The latest price cut lowered the Bolt EV’s base price to $26,595. GM did not want to alienate customers who bought the Bolt just before the price cut (or so they said), so they offered them a comparable cash rebate. But according to a Jalopnik tipster, the cash rebate comes with very restrictive conditions, which remind us of a recent agreement GM offered to Cadillac Lyriq customers.

When the Jalopnik reader wanted to claim the rebate (which GM dubs “goodwill reimbursement”), he was presented with an agreement that needed to be acknowledged and signed before going further. According to the document, Bolt owners applying for the rebate agree to waive the right to sue GM or LG for damages, including those caused by the battery catching fire.

“I [...] forever waive and release all claims, damages, or causes of action, either known or unknown [...] that I may have now or in the future arising out of or in any way relating to my Bolt vehicle(s), the battery defect, or the battery recalls,” reads the document.

Jalopnik reached out to a lawyer for an opinion and learned that GM is offering not a rebate but a legal release. Chevrolet Bolt owners are lured to give up their rights to raise legal claims against GM in exchange for the “rebate.” This means that if a customer’s Bolt catches fire while parked in a garage and their garage (or worse, their house) burns down, they’d be barred from suing GM or LG.

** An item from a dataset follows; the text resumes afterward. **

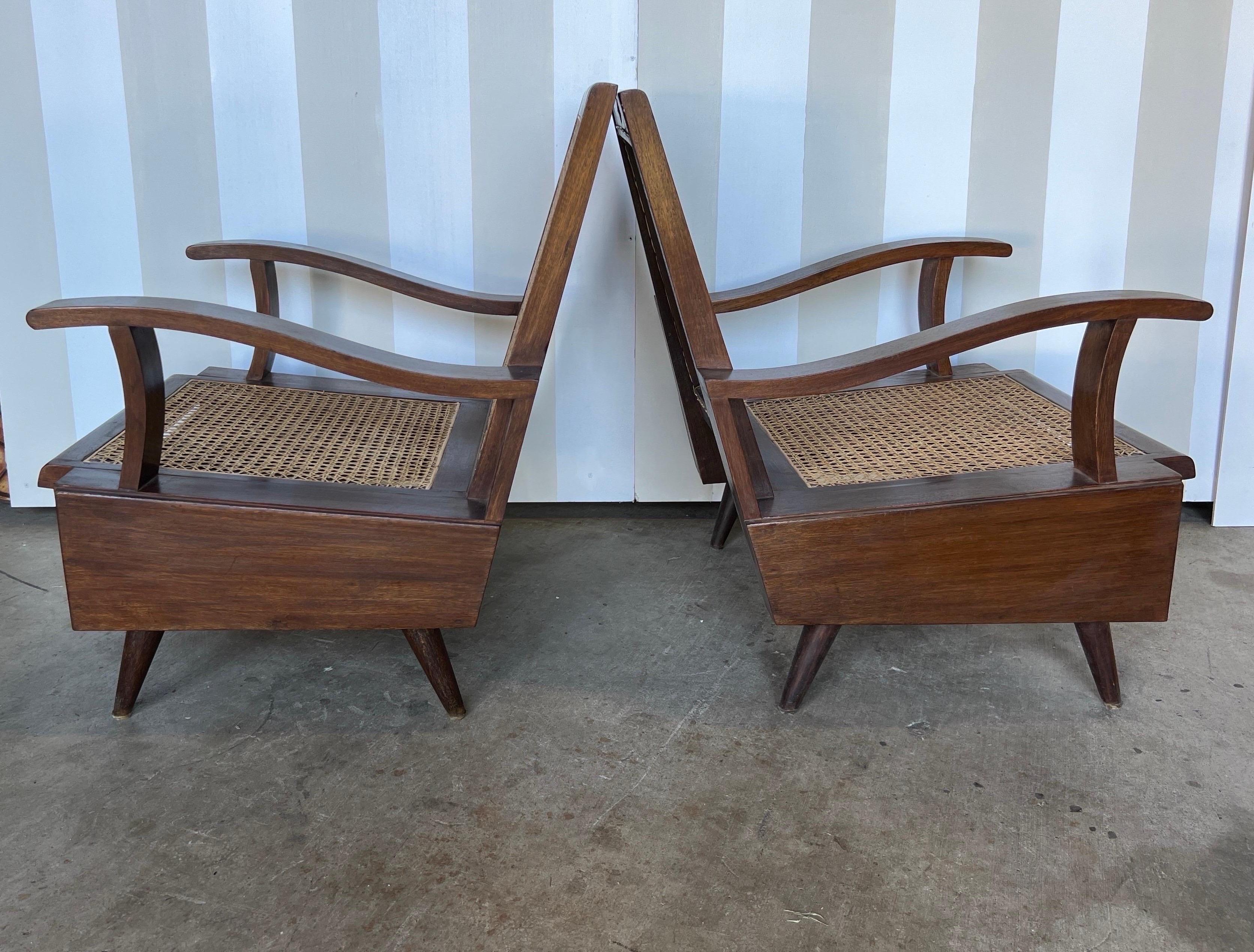 Paire de fauteuils club en teck British Colonial d'époque déco en vente 1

This does not mean that the customer waives claims involving any potential recalls in the future. By law, GM would still be required to issue recalls when needed, contact the owners, and offer no-cost repairs or upgrades. But they will be prohibited from seeking financial compensation for damages generated by current or future problems with the car. If that’s acceptable to you, probably the $6,000 rebate looks enticing.